Last week Skype, the popular, free Net telephony service, was unavailable for a day or two due to technical problems. Failures of big systems are always interesting and this is no exception.
We have only limited information about what went wrong. Skype said very little at first but is now opening up a little. Based on their description, it appears that the self-organization mechanism in Skype’s peer-to-peer network became unstable. Let’s unpack that to understand what it means, and what it can tell us about systems like this.
One of the surprising facts about big information systems is that the sheer scale of a system changes the engineering problems you face. When a system grows from small to large, the existing problems naturally get harder. But you also see entirely new problems that didn’t even exist at small scale – and, worse yet, this will happen again and again as your system keeps growing.
Skype uses a peer-to-peer organization, in which the traffic flows through ordinary users’ computers rather than being routed through a set of central servers managed by Skype itself. The advantage of exploiting users’ computers is that they’re available at no cost and, conveniently, there are more of them to exploit when there are more users requesting service. The disadvantage is that users’ computers tend to reboot or go offline more than dedicated servers would.
To deal with the ever-changing population of user computers, Skype has to use a clever self-organization algorithm that allows the machines to organize themselves without relying (more than a tiny bit) on a central authority. Self-organization has two goals: (1) the system must respond quickly to changed conditions to get back into a good configuration soon, and (2) the system must maintain stability as conditions change. These two goals aren’t entirely contradictory, but they are at least in tension. Responding quickly to changes makes it difficult to maintain stability, and the system must be engineered to make this tradeoff wisely in a wide range of conditions. Getting this right in a huge P2P system like Skype is tricky.
Which brings us to the story of last week’s failure, as described by Skype. On Tuesday August 14, Microsoft released a new set of patches to Windows, according to their normal monthly cycle. Many Windows machines downloaded the patch, installed it, and then rebooted. Each such machine would leave the Skype network when it shut down, then rejoin after booting. So the effect of Microsoft’s patch release was to increase the turnover in Skype’s network.

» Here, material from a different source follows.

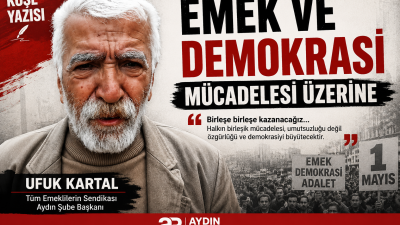 Ufuk Kartal, ekonomik kriz, toplumsal muhalefet ve demokrasi güçlerinin ortak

The result, Skype says, is that the network became unstable as the respond-quickly mechanism outran the maintain-stability mechanism; and the problem snowballed as the growing instability caused ever stronger (but poorly aimed) responses. The Skype service was essentially unavailable for a day or two starting on Thursday August 16, until the company could track down the problem and fix a code bug that it said contributed to the problem.
The biggest remaining mystery is why the problem took so long to develop. Microsoft issued the patch on Tuesday, and Skype didn’t get into deep trouble until Thursday. We can explain away some of the delay by noting that Windows machines might take up to a day to download the patch and reboot, but this still means it took Skype’s network at least a day to melt down. I’d love to know more about how this happened.
I would hesitate to draw too many broad conclusions from a single failure like this. Large systems of all kinds, whether centralized or P2P, must fight difficult stability problems. When a problem like this does occur, it’s a useful natural experiment in how large systems behave. I only hope Skype has more to say about what went wrong.